# TASK INSTRUCTIONS:
In the copy, include every entry exactly but none of the pictures.

# DATA FOR THIS EXERCISE:
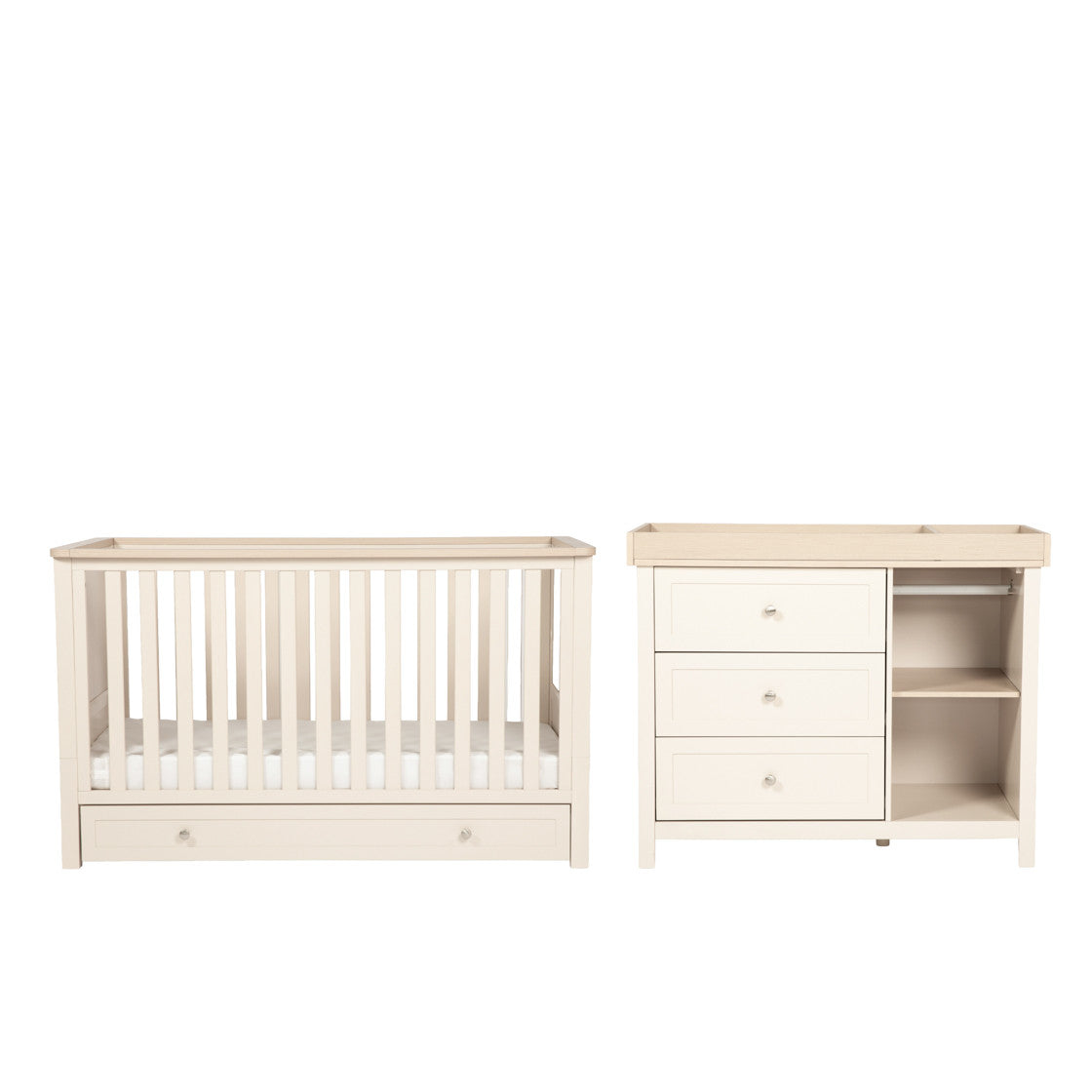 Bebe & Beyond Wandered Cot Bed & Dresser 2 Piece Nursery Furniture Set - Cashmere & Oak 5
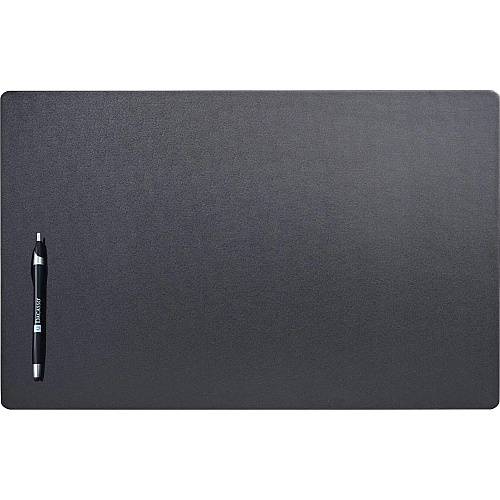 Dacasso Leatherette Conference Pad Rectangular - 22" Width - Leatherette, Velveteen - Black - 1 Each (P1057)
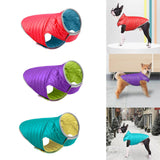 Maxbell Dog Winter Coat Adjustable Full Body Clothing Reversible Apparel Pet Clothes red and blue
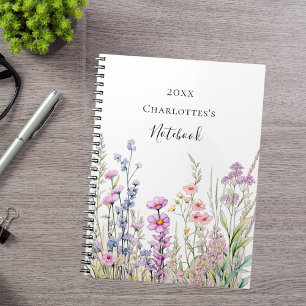 Cuaderno Flores silvestres azul púrpura rosa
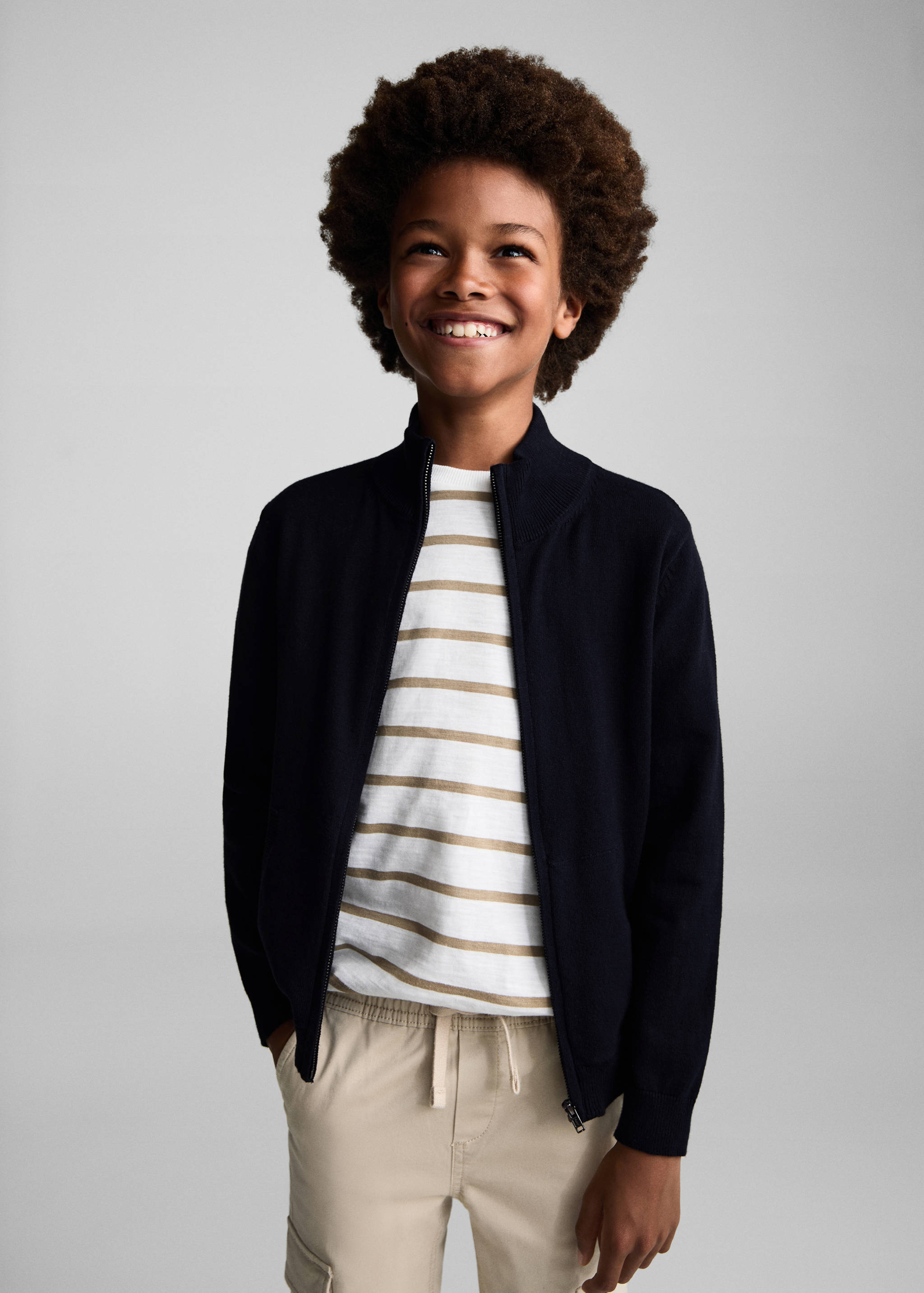 Zipped knit cardigan - Medium plane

# WRITTEN RESPONSE:
 Bebe & Beyond Wandered Cot Bed & Dresser 2 Piece Nursery Furniture Set - Cashmere & Oak 5
 Dacasso Leatherette Conference Pad Rectangular - 22" Width - Leatherette, Velveteen - Black - 1 Each (P1057)
 Maxbell Dog Winter Coat Adjustable Full Body Clothing Reversible Apparel Pet Clothes red and blue
 Cuaderno Flores silvestres azul púrpura rosa
 Zipped knit cardigan - Medium plane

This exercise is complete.